Sputtering was used to coat the chip substrates (1 mm-thick BK7) with 3 nm of Cr as an adhesive layer, followed by 50 nm of Au. A process chamber was first pumped down to 4.0 × 10−4 Pa, followed by introduction of argon gas at a flow rate of 8.3 × 10−7 m3/s and a pressure of 0.48 Pa for the sputtering.

Preparation of biotinylated antibodies

Antibodies were biotinylated using a Biotin-Labeling Kit-NH2 (Dojindo Laboratories) according to the manufacturer’s instructions.

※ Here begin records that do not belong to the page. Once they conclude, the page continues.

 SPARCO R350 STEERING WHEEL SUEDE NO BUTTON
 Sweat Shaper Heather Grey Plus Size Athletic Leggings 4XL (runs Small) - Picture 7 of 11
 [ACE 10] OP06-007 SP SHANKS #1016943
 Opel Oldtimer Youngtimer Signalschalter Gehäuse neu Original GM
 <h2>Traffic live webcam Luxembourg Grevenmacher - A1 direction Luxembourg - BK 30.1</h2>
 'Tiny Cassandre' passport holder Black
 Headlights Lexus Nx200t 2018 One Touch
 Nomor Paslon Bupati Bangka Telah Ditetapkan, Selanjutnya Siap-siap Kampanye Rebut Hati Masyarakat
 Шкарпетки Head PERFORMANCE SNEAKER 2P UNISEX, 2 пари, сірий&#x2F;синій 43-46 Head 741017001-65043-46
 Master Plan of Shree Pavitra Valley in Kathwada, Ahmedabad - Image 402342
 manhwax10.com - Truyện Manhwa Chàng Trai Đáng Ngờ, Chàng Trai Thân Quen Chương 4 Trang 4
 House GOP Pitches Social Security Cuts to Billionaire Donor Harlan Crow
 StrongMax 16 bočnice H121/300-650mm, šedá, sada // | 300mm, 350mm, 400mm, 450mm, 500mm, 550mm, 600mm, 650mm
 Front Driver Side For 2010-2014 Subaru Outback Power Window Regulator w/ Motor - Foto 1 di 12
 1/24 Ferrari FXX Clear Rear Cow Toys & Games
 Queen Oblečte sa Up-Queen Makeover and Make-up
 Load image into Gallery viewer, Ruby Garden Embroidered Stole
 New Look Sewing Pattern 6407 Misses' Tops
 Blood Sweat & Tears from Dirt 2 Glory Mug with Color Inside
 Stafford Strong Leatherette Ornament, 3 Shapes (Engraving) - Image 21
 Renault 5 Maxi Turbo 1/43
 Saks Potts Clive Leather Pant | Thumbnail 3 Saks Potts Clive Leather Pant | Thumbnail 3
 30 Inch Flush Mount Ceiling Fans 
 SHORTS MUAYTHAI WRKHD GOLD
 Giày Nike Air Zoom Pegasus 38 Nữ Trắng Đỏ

Preparation of avidin-conjugated Au nanoparticles

Au nanoparticles were incubated with 5.0 mg/mL neutravidin in 10 mmol/L carbonate–bicarbonate buffer (pH 9.75) for 2 h at room temperature. Then, 1% casein in PBS was added, followed by incubation for 1 h at room temperature. After removing unbound avidin and casein, the buffer was replaced with 200 μL of 4-(2-hydroxyethyl)-1-piperazineethanesulfonic acid (HEPES) buffer (10 mmol/L HEPES; pH 7.9) containing 50 mmol/L KCl, 1.0 mmol/L ethylenediaminetetraacetic acid (EDTA), and 0.1% polysorbate 20. The mixture was then stored at 4 °C until use.

Imaging of Au nanoparticles

The Au-coated chips were coated with 1.5 nm of platinum by vacuum deposition to provide conductivity and were then subjected to SEM analysis. Secondary electron images were acquired by a field emission SEM (S-5200, Hitachi, Ltd.) at an accelerating voltage of 3 kV.

Estimation of the number of Au nanoparticles adsorbed on Au substrates

The number of Au nanoparticles adsorbed on Au substrates was statistically counted from the SEM images. The adsorption ratio was calculated based on injected amount of the nanoparticles.

Recombinant virus construction

The cDNA of the SARS coronavirus-2 nucleocapsid (SARS-CoV-2-N) gene with N-terminal His-tag sequence, which was codon-optimized for Spodoptera frugiperda, was chemically synthesized (Invitrogen) and then cloned into baculovirus transfer vector pFastBac1 (Invitrogen), generating pFastBac-His-SARS-CoV-2-N(Sf) plasmid. The recombinant bacmid AcBac/His-SARS-CoV-2-N(Sf) was constructed through transposition with pFastBac-His-SARS-CoV-2-N(Sf) using a Bac-to-Bac baculovirus expression system (Invitrogen) in accordance with the manufacturer’s instructions. To amplify the recombinant baculovirus derived from AcBac/His-SARS-CoV-2-N(Sf), Spodoptera frugiperda Sf9 cells were transfected with AcBac/His-SARS-CoV-2-N(Sf) using Lipofectamine 2000 Transfection Reagent (Invitrogen). At 144 h post-transfection, the culture medium containing progeny viruses was collected and then used for further amplification of the recombinant baculoviruses.

Recombinant protein purification

Sf9 cells were infected with AcBac/His-SARS-CoV-2-N(Sf) virus and harvested at 72 h post-infection. Cells were lysed in lysis buffer (20 mM Tris–HCl pH 8, 135 mM NaCl, 1% Triton, 10% Glycerol) and incubated on ice for 5 min. The cell lysates were then sonicated for five rounds of sonication cycles of 30 s ON and 30 s OFF at HIGH power setting using a Bioruptor II. The insoluble material was removed by centrifugation at 7,000 rpm for 15 min at 4 °C. The solubilized extract was then incubated with cOmplete His-Tag Purification Resin (Roche) for 16 h at 4 °C with rotation. The resin was harvested by centrifugation at 7,000 rpm for 3 min at 4 °C and washed five times with wash buffer (20 mM Tris–HCl pH 8, 135 mM NaCl, 1% Triton, 10 mM Imidazole). His-N protein was then eluted five times with elution buffer (20 mM Tris–HCl pH 8, 135 mM NaCl, 1% Triton, 250 mM Imidazole). The purified His-N protein was subjected to SDS-PAGE, followed by Coomassie Brilliant Blue (CBB) staining. As indicated by the arrowhead in Supplementary Fig. S3, the 49.1 kDa protein was detected as His-N protein. The full-length image of the gel is presented in Supplementary Fig. S4. The concentration of purified His-N protein was 600 µg/ml.